Жизнь передвинулась на ночь. Цеппелины уже не летали, но затемнение оставалось: время от времени лёгкие двухмоторные «готты» проверяли бдительность зенитчиков. Прохожих на абсолютно тёмных улицах было великое множество, многим не досталось фосфоресцирующих брошей или жужжащих фонариков, поэтому на улицах то и дело слышался сухой стук, как при игре на бильярде, и сдавленное «que diantre, pardonnez-moi!» чередовалось с «que le diable vous emporte, mille excuses!»
Зато ночь напролёт открытыми стояли все заведения, расположенные под крышей. Самое весёлое время — раннее утро, за час до рассвета.

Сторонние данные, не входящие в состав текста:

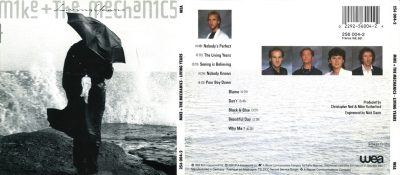 Mike The Mechanics-–-Living Years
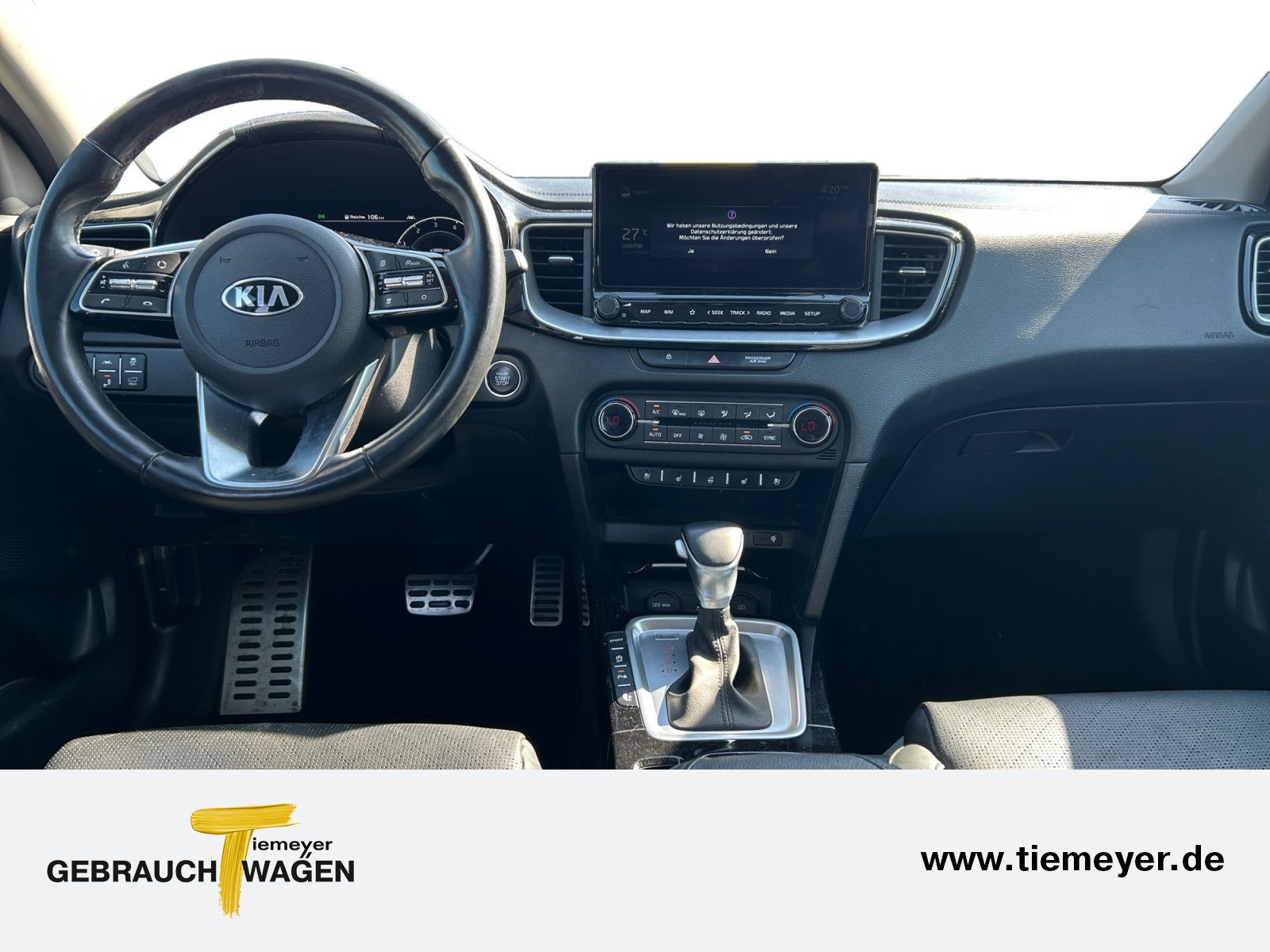 Kia XCeed – Foto 12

Служба моя была никчёмной и постыдной. Я утешал себя только тем, что, окажись снова в окопах, через две недели окочурился бы от воспаления лёгких без всякой пользы для Отечества. Говорят, я производил впечатление человека, пережившего газовую атаку: иззелена-бледное лицо и круги вокруг глаз. Чрезвычайно романтично…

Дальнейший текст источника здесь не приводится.